A tone of voice or a look in another’s eyes can activate powerful implicit memories. The person experiencing this type of memory may believe that he is just reacting to something in the present, remaining completely in the dark about what the rush of feelings that flood his mind and body really represents. Implicit memory is responsible for much of human behavior, its workings all the more influential because unconscious.

― Gabor Maté

Implicit memory is an evolved survival mechanism of the brain. Understanding implicit memory allows one to reframe a rush of feeling one recognizes as a brain response outside of one’s conscious cogitative control. The brain’s fast-acting revival of a feeling informs one about one’s past response to a similar stimulus, and can be protective; however, it most often clouds the perception of now. The understanding that these feelings are protective in inception, and not necessarily pertinent in the present, allows a person to recognize they are not applicable to now.

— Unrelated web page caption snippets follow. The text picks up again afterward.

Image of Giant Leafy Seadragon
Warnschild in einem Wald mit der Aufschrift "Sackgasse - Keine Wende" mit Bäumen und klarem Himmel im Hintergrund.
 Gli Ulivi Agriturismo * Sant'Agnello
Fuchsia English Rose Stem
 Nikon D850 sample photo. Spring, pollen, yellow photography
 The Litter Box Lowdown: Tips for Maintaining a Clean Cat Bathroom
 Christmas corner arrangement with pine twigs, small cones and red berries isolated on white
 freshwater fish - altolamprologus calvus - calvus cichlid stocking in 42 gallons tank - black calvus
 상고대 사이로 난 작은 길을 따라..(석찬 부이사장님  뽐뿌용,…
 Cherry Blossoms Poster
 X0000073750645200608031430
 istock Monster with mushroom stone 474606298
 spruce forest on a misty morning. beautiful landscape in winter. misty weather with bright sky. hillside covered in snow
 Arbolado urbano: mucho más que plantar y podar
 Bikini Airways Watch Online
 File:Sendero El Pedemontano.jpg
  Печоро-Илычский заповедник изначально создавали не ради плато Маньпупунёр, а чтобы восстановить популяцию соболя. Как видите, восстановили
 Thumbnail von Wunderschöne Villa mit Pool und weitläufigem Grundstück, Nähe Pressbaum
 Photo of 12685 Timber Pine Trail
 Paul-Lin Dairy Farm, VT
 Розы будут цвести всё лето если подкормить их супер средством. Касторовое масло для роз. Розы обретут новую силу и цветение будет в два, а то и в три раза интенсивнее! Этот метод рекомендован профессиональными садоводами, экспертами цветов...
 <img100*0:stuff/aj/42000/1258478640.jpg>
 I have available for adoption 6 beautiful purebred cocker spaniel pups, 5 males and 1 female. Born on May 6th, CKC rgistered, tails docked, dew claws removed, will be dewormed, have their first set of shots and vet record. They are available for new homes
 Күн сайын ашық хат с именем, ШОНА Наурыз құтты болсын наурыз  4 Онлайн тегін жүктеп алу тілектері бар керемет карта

Understanding implicit memory helps one recognize that one’s interpretation of the motive and meaning of this now feeling might lie in the past and not in the present. This now feeling may have a very different motive from those in his past in spite of the similarity of action. The significance is that there is a more here-and-now chance of really understanding what is happening. One is freed from the past interpretation and is now able to give the stimulus and oneself a fair assessment. This phenomenon is often called conscious awareness.

To understand the importance of implicit learning and memory one needs to understand explicit memory. Explicit memory is the memory we all know. Explicit memory produces images in the cortex. When we see these pictures of past events we know we are remembering. The explicit memory relies on the hippocampus (mid brain) and is not mature until eighteen to thirty-six months of age.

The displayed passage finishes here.